Links in some blog posts may earn a commission for The Brain Cleanup Coach.
Your fears are part of your identity.
You can think of your identity as the end product created by all of the innate traits, learned behaviors, thoughts, and emotions housed in what you call your body.
Once your identity is firmly established, this is the anchor point for your brain to create your reality from. You literally see the world as defined by your identity.
Both our loves and our fears are incorporated into identity, and the brain is constantly searching for proof for each. You can think of those things you love and fear as reassurances, or proof of your identity. Your brain reassures itself that it got things right when it can find proof of your loves or fears, confirming your personal truth.
Why your brain needs proof for fear
Focusing on fear, what happens if your current circumstances stop providing the proof of your fear? Will your brain get to work seeking something new out to prove that fear useful once more?
You bet. This is why people will recreate physical spaces or experiences that align with their beliefs, including the things they fear. And if your brain can’t find something direct, it might start to make “mountains out of molehills”, using the smallest trigger to create an avalanche of fear.

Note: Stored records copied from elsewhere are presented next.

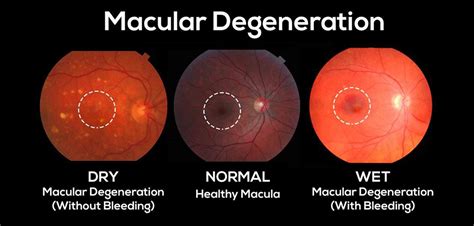 What Is Macular Degeneration Rieleyes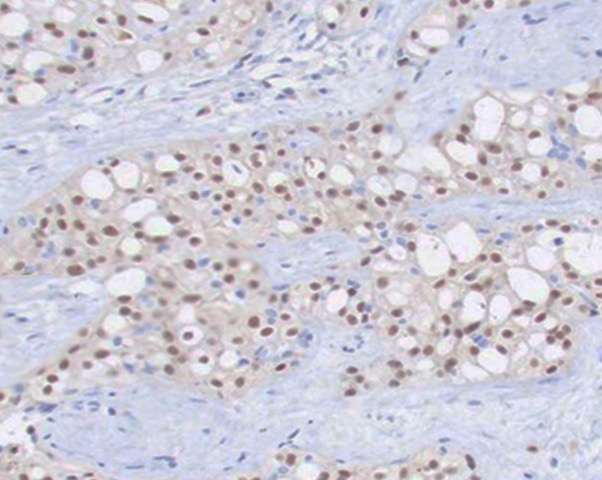 <p>Pleomorphic Lobular Breast Carcinoma</p>
<p>&nbsp;</p>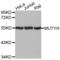 MutY DNA Glycosylase antibody, LS-C332024, Lifespan Biosciences, Western Blot image 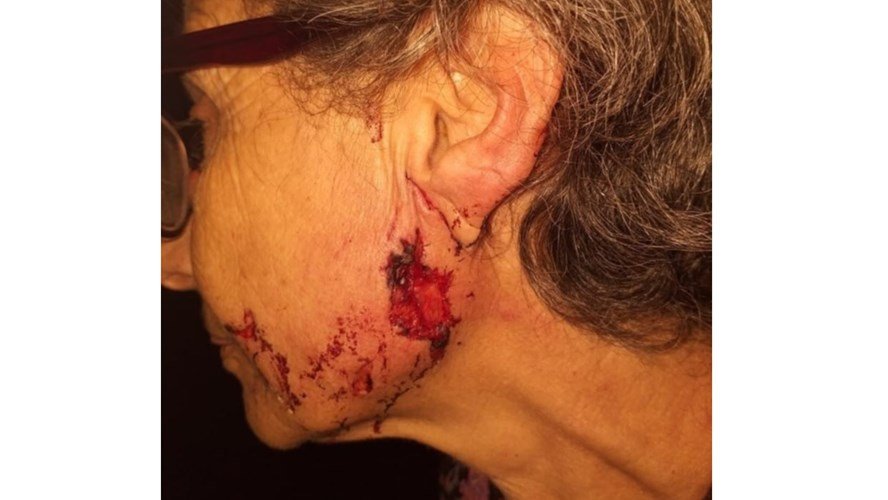 Una mujer fue atacada por los pitbull de su vecino y le arrancaron parte de la oreja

Consciously we don’t like this, we don’t want this. But subconsciously all the nooks and crannies of your identity crave the reassurances to its neural programming.
Does is seem ridiculous that your brain would go out of its way to create something to fear? Of course, but brains are weird, and the universe is strange, and your brain navigates it all through a constructed reality.
Grab a pen and paper and write down the answers to these two questions:
- Have you recognized something your brain recreates that is either irritating, or even scary?
- Why do you think your brain harbors those neural instructions to keep proving that’s how life should be?
I’m going to give you a very simple example. No matter where I move to, and no matter how much I strive to change it, somehow I always end up with a cluttered junk drawer or two. They drive me crazy, but they ALWAYS end up being created. It sounds like madness, but it seems to happen under the radar.
How could this particular, seemingly innocuous behavior connect to fear? I think a lot of us deal with this one, and it comes from beliefs around wastefulness and preparedness. Thoughts like “I could need this later” and “It’s wasteful to get rid of this or throw it away” play into primal fears of scarcity and vigilant preparedness to ensure safety.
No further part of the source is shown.